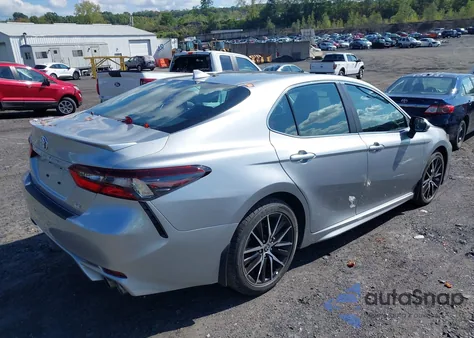 2024 Toyota Camry Se z USA, uszkodzony, nr VIN 4T1T11AK1RU854528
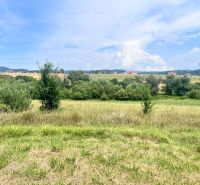 Pozemek v Krupině na ulici J. Vacholda vhodný pro pozemky – bydlení.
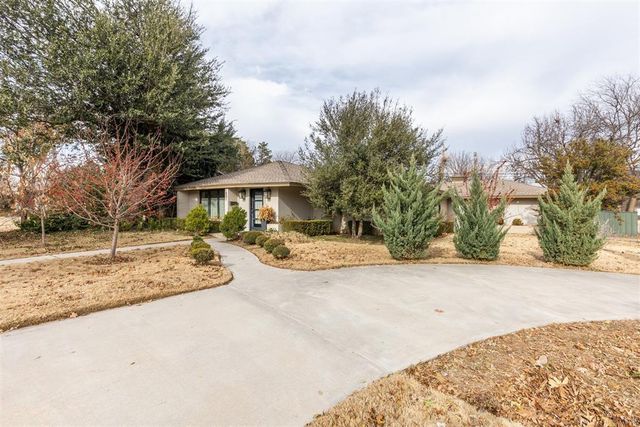 1801 Westminster Place, Nichols Hills, OK 73120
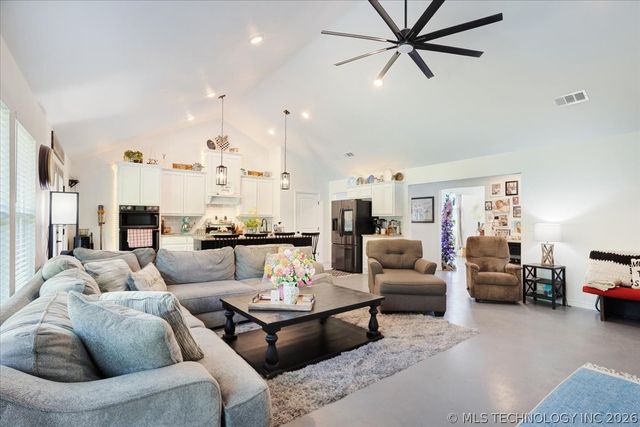 17957 Bridgeview Road, Madill, OK 73446
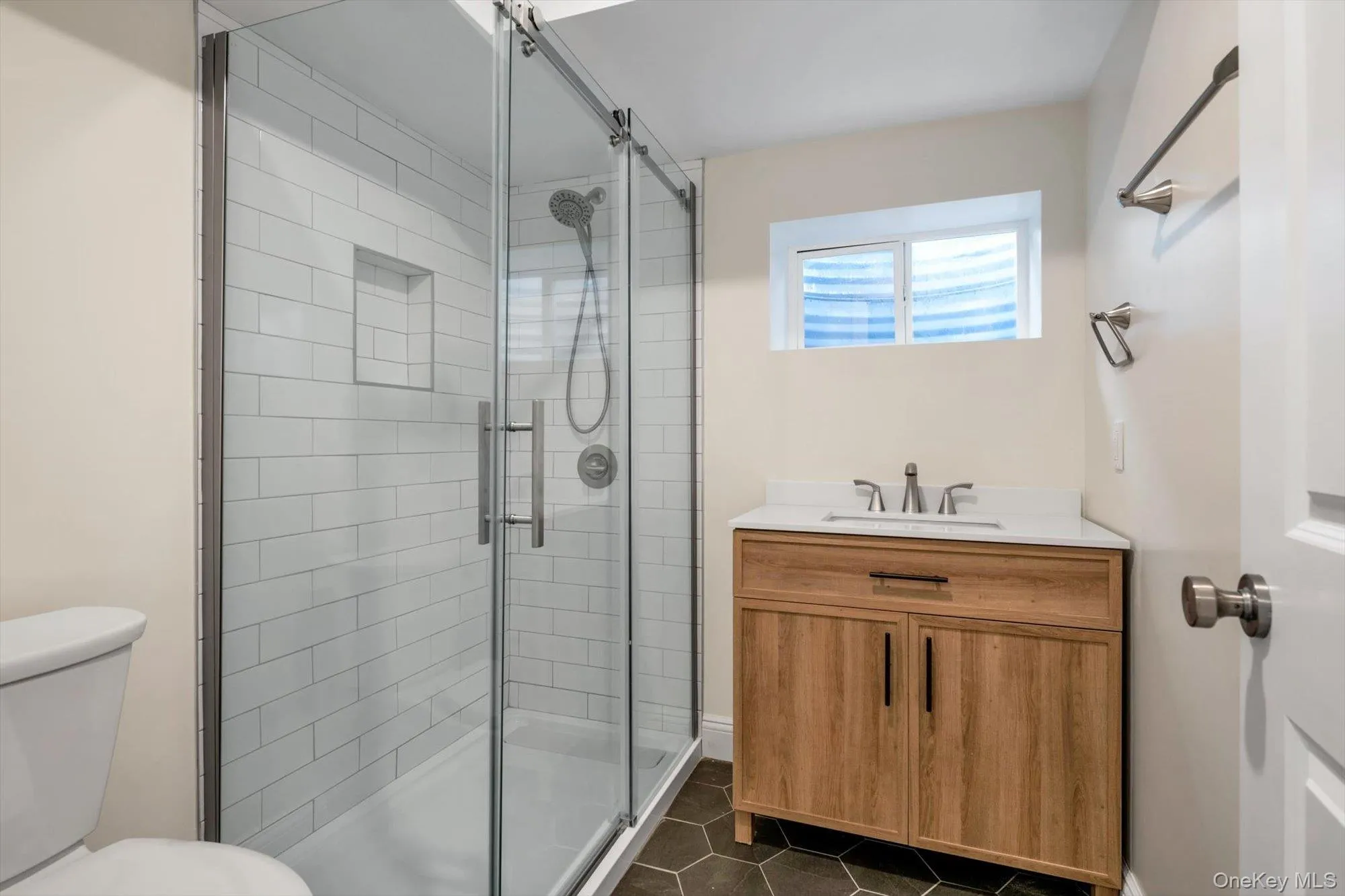 68 Edgewood, North Hempstead, NY, 5 Bedrooms Bedrooms, 8 Rooms Rooms,3 BathroomsBathrooms,Residential Lease,For Rent,Edgewood,0,1011796 68 Edgewood, North Hempstead, NY, 5 Bedrooms Bedrooms, 8 Rooms Rooms,3 BathroomsBathrooms,Residential Lease,For Rent,Edgewood,0,1011796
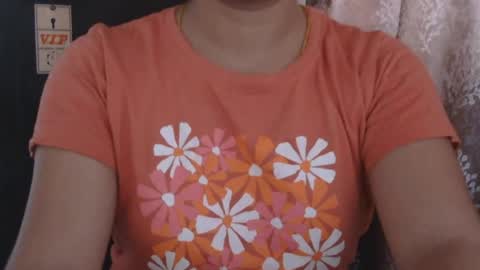 Snapshot of zoya_4u chatting on July 8, 2026, 6:18 am Zoya online show from July 8, 2026, 6:18 am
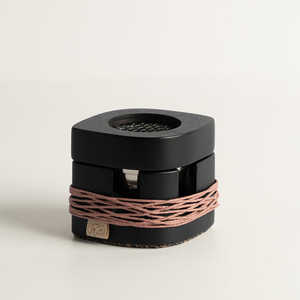 Brûleur Bakhoor moderne en bois noir avec fil d'or Porte-encens fait à la main avec tasse en métal - Product Image 3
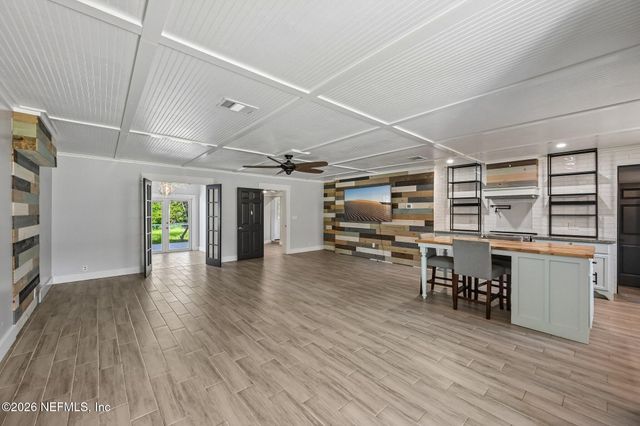 322 SE WALTERS Terrace, Port St. Lucie, FL 34983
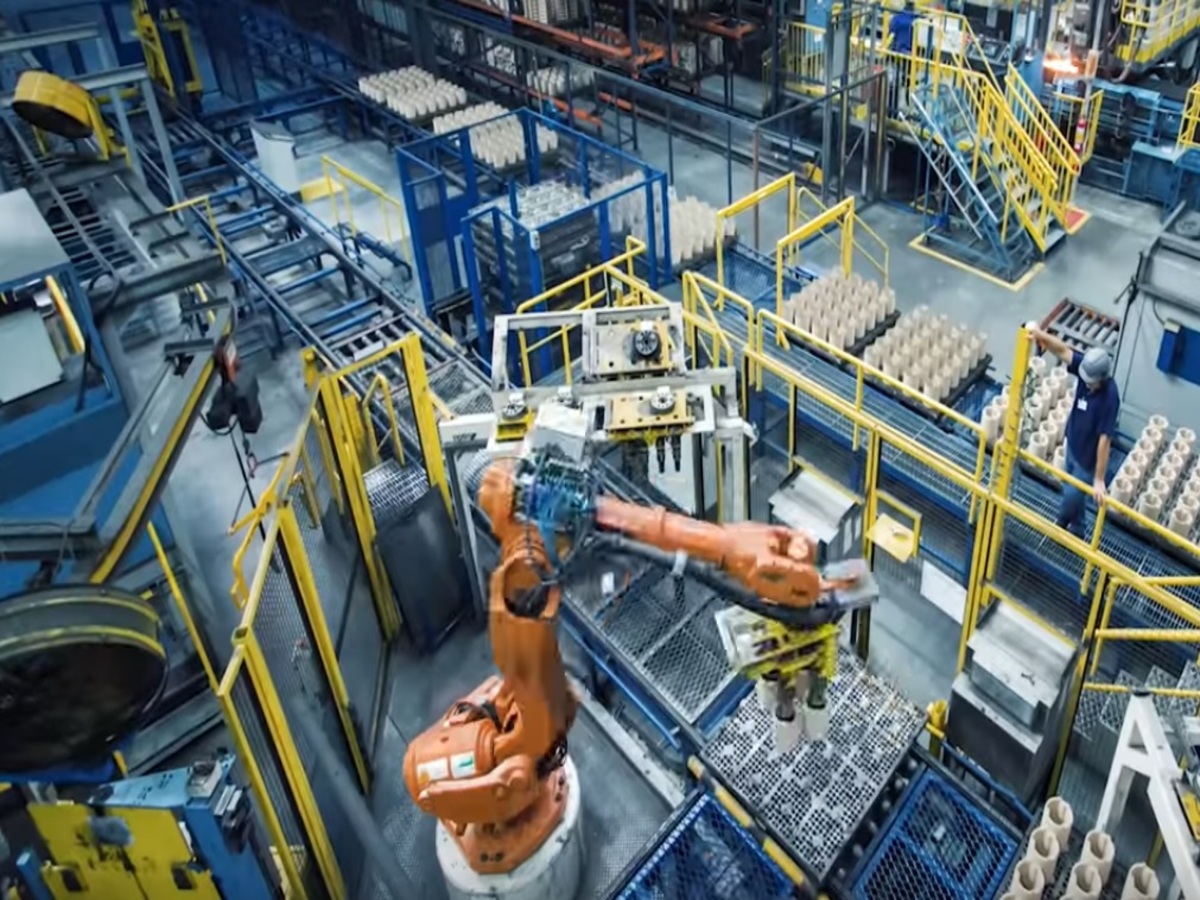 Multinacionais diversas estão com milhares de vagas de emprego Home Office e presenciais em junho com salários acima de R$ 10 mil. Veja quais são as oportunidades de emprego, locais e como se candidatar - Canva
***
### Required work
Each line above should be output exactly, apart from the pictures.

### Written answer
 2024 Toyota Camry Se z USA, uszkodzony, nr VIN 4T1T11AK1RU854528
 Pozemek v Krupině na ulici J. Vacholda vhodný pro pozemky – bydlení.
 1801 Westminster Place, Nichols Hills, OK 73120
 17957 Bridgeview Road, Madill, OK 73446
 68 Edgewood, North Hempstead, NY, 5 Bedrooms Bedrooms, 8 Rooms Rooms,3 BathroomsBathrooms,Residential Lease,For Rent,Edgewood,0,1011796 68 Edgewood, North Hempstead, NY, 5 Bedrooms Bedrooms, 8 Rooms Rooms,3 BathroomsBathrooms,Residential Lease,For Rent,Edgewood,0,1011796
 Snapshot of zoya_4u chatting on July 8, 2026, 6:18 am Zoya online show from July 8, 2026, 6:18 am
 Brûleur Bakhoor moderne en bois noir avec fil d'or Porte-encens fait à la main avec tasse en métal - Product Image 3
 322 SE WALTERS Terrace, Port St. Lucie, FL 34983
 Multinacionais diversas estão com milhares de vagas de emprego Home Office e presenciais em junho com salários acima de R$ 10 mil. Veja quais são as oportunidades de emprego, locais e como se candidatar - Canva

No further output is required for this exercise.